• Task statement:
Which lines below hold the word "Maxi"? Report each one.

== Extracted records ==

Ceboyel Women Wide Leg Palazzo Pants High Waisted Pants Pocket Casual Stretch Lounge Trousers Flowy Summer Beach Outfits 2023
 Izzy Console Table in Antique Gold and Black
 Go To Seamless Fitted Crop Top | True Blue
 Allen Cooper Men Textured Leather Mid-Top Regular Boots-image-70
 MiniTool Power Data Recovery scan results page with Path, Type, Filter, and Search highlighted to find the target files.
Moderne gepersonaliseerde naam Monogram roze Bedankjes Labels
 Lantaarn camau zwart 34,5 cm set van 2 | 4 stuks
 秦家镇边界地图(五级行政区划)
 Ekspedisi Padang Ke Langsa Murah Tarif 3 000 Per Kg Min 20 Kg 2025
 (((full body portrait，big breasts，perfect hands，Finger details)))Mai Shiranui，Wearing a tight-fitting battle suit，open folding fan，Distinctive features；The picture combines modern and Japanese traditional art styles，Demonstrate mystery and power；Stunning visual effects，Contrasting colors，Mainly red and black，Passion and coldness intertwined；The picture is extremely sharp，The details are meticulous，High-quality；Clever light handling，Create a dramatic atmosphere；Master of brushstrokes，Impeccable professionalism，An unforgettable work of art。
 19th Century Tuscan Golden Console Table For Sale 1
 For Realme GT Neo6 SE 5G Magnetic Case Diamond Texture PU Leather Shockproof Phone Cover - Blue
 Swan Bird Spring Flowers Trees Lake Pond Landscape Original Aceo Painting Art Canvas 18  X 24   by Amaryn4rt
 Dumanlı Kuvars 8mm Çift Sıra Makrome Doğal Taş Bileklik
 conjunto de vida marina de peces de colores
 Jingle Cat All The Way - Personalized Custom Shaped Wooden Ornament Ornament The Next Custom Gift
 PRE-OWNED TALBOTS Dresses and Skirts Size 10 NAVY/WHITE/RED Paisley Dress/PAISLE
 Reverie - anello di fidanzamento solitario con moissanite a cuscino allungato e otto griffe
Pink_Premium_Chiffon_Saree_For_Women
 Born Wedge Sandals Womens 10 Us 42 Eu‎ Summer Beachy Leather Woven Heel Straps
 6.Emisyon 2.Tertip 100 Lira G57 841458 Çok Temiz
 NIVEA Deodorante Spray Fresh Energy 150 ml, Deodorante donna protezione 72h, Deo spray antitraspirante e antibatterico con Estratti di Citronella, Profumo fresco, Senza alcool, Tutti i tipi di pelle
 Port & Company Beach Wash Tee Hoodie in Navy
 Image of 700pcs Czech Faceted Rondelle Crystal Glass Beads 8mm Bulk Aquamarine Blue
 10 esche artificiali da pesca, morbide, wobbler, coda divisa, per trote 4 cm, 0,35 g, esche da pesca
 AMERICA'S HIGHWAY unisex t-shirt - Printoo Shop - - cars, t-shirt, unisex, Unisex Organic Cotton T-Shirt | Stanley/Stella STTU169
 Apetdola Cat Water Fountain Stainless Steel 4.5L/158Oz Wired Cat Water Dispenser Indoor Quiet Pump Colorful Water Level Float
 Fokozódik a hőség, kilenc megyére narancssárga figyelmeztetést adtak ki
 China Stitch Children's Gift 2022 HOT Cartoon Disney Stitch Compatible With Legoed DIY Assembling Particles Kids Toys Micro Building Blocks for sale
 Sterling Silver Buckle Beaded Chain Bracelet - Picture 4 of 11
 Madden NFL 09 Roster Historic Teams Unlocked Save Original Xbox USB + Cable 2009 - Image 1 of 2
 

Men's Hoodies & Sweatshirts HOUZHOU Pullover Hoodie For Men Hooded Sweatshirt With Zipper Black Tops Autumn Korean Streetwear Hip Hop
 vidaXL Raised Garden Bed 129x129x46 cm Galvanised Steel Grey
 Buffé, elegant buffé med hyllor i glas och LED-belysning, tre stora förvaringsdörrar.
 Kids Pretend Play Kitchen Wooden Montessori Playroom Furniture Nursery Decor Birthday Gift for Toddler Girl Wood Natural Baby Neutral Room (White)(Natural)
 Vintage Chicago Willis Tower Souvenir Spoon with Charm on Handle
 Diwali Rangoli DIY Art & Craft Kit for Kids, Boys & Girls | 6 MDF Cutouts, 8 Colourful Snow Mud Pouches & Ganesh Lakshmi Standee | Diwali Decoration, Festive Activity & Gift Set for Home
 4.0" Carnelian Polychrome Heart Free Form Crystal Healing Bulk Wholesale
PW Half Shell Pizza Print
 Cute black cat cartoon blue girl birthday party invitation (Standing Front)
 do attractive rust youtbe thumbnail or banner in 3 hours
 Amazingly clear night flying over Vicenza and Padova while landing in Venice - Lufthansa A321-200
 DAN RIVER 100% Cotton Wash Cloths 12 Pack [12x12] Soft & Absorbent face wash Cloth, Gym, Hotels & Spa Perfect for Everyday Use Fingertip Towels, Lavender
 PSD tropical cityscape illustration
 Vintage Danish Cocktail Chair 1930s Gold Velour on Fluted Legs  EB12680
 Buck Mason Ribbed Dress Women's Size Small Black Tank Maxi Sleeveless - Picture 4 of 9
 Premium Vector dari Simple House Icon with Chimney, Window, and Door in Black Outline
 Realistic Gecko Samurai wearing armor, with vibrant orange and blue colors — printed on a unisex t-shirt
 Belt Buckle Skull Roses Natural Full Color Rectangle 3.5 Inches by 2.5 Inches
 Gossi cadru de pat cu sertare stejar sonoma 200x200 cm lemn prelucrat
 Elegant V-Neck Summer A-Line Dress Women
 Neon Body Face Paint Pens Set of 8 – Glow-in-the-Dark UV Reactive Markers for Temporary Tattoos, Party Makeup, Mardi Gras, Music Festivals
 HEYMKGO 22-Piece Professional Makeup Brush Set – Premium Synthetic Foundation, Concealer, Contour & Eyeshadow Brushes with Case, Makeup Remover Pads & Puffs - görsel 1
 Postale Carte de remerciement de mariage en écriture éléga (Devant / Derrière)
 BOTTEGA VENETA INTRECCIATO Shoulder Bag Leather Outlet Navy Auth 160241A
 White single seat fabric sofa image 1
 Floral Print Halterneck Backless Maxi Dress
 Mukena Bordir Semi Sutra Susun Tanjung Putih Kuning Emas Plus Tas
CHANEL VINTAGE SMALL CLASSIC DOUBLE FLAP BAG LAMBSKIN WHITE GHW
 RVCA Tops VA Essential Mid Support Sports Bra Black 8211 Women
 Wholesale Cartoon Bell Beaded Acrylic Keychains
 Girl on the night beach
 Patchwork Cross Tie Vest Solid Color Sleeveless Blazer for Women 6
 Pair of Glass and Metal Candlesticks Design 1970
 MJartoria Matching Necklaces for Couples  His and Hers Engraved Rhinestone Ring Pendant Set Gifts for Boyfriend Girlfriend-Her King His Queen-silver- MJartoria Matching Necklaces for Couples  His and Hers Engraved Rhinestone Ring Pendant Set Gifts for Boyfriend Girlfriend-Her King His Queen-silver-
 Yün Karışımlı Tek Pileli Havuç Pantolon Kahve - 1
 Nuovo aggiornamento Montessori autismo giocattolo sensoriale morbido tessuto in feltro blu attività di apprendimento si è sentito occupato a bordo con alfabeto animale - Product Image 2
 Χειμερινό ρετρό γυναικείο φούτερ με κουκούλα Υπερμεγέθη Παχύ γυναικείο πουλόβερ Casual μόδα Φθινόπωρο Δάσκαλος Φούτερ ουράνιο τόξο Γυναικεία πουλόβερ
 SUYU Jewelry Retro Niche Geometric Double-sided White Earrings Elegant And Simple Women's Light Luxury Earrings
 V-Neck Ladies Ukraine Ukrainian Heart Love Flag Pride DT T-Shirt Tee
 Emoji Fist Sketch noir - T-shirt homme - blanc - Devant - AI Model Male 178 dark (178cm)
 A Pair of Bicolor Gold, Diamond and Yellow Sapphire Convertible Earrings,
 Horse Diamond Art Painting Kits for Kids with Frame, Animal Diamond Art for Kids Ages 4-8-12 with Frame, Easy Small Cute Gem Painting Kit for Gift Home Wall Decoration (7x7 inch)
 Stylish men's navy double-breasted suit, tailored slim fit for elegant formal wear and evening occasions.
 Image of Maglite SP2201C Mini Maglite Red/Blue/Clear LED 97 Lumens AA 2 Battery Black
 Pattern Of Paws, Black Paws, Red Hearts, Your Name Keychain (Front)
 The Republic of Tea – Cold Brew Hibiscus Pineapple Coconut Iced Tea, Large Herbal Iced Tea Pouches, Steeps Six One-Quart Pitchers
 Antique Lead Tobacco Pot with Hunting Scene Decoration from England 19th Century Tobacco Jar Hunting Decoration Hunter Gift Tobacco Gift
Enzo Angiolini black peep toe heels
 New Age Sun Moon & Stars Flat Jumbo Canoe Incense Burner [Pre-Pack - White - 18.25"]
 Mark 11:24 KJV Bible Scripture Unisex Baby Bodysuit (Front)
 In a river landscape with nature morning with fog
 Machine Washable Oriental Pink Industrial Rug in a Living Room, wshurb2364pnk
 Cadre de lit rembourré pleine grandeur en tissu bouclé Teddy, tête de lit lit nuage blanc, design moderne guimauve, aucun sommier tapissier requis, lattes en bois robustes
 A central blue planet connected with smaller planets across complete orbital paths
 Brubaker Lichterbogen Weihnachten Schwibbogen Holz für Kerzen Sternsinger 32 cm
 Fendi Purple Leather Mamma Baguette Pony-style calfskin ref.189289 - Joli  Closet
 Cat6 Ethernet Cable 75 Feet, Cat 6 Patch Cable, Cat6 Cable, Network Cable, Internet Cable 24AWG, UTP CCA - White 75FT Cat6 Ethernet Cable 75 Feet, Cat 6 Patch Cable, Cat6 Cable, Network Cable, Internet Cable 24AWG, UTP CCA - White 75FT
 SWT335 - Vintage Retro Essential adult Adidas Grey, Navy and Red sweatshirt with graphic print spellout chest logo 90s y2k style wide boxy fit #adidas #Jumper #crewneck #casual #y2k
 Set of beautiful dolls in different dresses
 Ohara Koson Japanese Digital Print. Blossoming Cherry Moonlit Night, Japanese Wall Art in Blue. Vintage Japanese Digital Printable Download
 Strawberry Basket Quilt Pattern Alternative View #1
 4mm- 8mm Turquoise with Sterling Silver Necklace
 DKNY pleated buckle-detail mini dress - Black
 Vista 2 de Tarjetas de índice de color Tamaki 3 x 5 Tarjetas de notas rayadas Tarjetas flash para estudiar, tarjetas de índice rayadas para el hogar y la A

===

• Written reply:
 Buck Mason Ribbed Dress Women's Size Small Black Tank Maxi Sleeveless - Picture 4 of 9
 Floral Print Halterneck Backless Maxi Dress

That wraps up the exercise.